Siejena éclate de rire, encore une fois. Son rire transperce le pièce, il est si inhumain, il arrache le cœur des pauvres petites bêtes qui se cherchent un refuge. Il est comme une preuve de souffrance et de haine mêlées. Tant de choses dans un rire tel que le sien. De sa main libre, elle caresse doucement la joue de Severus, c'est si déplacé face à la violence qui vient de faire rage. Il la laisse faire, ne comprenant pas, ne comprenant rien.
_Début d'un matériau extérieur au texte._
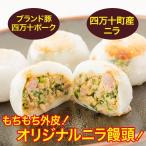 にら饅頭 (4個入) 　5袋セット　 冷凍 高知 四万十ポーク使用 四万十町産ニラ もちもちな皮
Elle replace une de ses mèches derrière son oreille et pose un de ses doigts sur le bas de sa mâchoire, puis vient titiller le globe. Ses doigts ont la même odeur et la même température que ses lèvres, l'homme se surprend à les confondre, ne sachant que dire, que faire. Elle s'approche de lui, près, très près, trop près. Elle se penche sur lui, le dominant de très peu, la main de Severus tient toujours fermement le poignet de Siejena. Celle-ci se rapproche encore d'un cran, le souffle du sorcier est coupé, comme si il avait couru un marathon. Soudain, alors que leurs lèvres se touchent presque, un craquement sonore résonne. Severus met un certain temps avant de réaliser qu'elle vient de lui briser le poignet, quand il s'en aperçoit la douleur est quasiment insupportable. Elle se lève et le regarde de toute sa hauteur, de tout le dégout qu'un être vivant est capable de faire pulluler autour de lui.

« - Mais tu es déjà à genoux Severus...(là elle esquisse un immense sourire dément) ma tâche sera bien plus aisé que la tienne. Abandonne. Fais comme tu as toujours fais. Sois lâche. »

La douleur est bien trop puissante pour que le désigné réagisse et avant même qu'il ne soit debout, elle a déjà rejoint ses appartements. Comme d'habitude, la porte est close mais aucun bruit n'a été produit.

Et le silence est assourdissant.

Il voudrait la rattraper, lui faire payer son affront. Mais il sait qu'elle a verrouillé sa porte, il sait qu'il ne pourra pas rentrer autant à cause de l'état dans lequel elle l'a laissé mais aussi grâce à la magie dont elle a du se protéger. Leur combat a été vulgaire et digne de moldus. Severus se promet que si jamais une chose de ce genre de se reproduit, sa baguette servira à quelque chose. Il n'est pas rien, tout de même. La souffrance des mots balancés sur lui est bien plus forte que celle de la perte de la fonction de son poignet.

Et le silence. Assourdissant.


Voilà, quand je vous disais qu'il y avait de plus beaux moyens d'exprimer le silence que fait Siejena après sa sortie^^.